The MatchAggregateSnapshot is saved later when a PublishEvents message is received by this same actor - but we're always updating the QueryOffset value inside this actor and that's what we use in the IEventsByTagQuery when this actor starts up. It's key to keeping the turn-around times short on resuming queries for actors that have long trade histories.

Akka.Cluster.Sharding and Message Routing

In both the Trading and Pricing Services domains, we make heavy use of Akka.Cluster.Sharding in order to guarantee that there's a single instance of a particular domain entity present in the cluster at any given time.

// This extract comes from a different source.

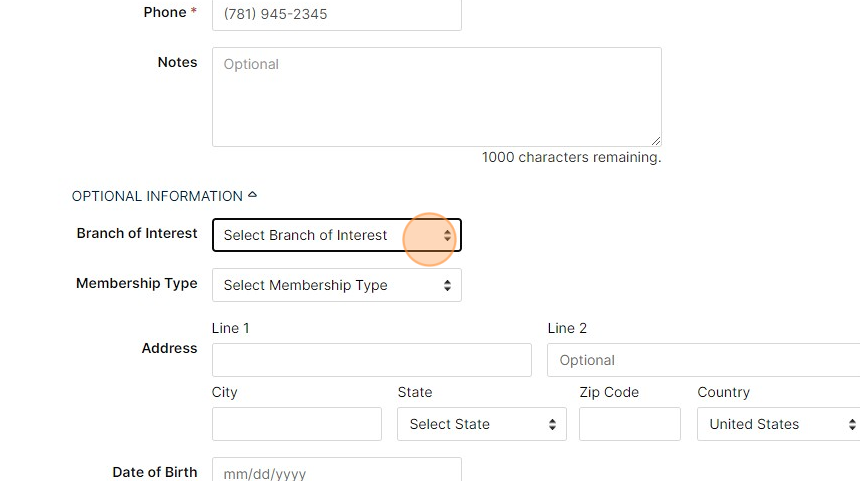 Screenshot of: Here you can add their branch of interest, what type of membership they are interested in, address phone, areas of interest etc. 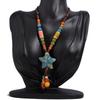Ethnic Style Ceramic Long Necklace Women's New Style Antique Hanging Decoration Colorful Adjustable Starfish Sweater Chain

A brief overview of Akka.Cluster.Sharding:

  1. Every entity type has its own ShardRegion - so in the case of the Trading Services, we have "orderBook" entities - each one representing the order book for a specific stock ticker symbol. In the Pricing Services we have "priceAggregator" entities.
  2. A ShardRegion can host an arbitrary number of entity actors, defined using the Props passed into the ClusterSharding.Start method - each one of these entity actors represents a globally unique entity of their shardRegion type.
  3. The ShardRegion aggregates these entity actors underneath parent root actors called "shards" - a shard is just an arbitrarily large number of entity actors grouped together for the purposes of ease-of-distribution across the Cluster. The ShardRegion distributes these shards evenly across the cluster and will re-balance the distribution of shards in the event of a new node joining the cluster or an old node leaving.
  4. In the event of a ShardRegion node becoming unreachable due to a network partition, node of the shards and entity actors on the unreachable node will be moved until that node (a) becomes reachable again or (b) is marked as DOWN by another node in the cluster and kicked out. This is done in order to guarantee that there's never more than 1 instance of a given entity actor at any time.
  5. Any entity actors hosted by a ShardRegion can be accessed from other non-ShardRegion nodes through the use of a ShardRegionProxy, a router that uses the same message distribution mechanism as the ShardRegion. Therefore, sharded entity actors are always accessible to anyone in the cluster.
  6. In the event that a shard and its entities are moved onto a new node, all of the messages intended for entity actors hosted on the affected shards are buffered by the ShardRegion and the ShardRegionProxy and released only once the shard actors have been successfully recreated on their new node.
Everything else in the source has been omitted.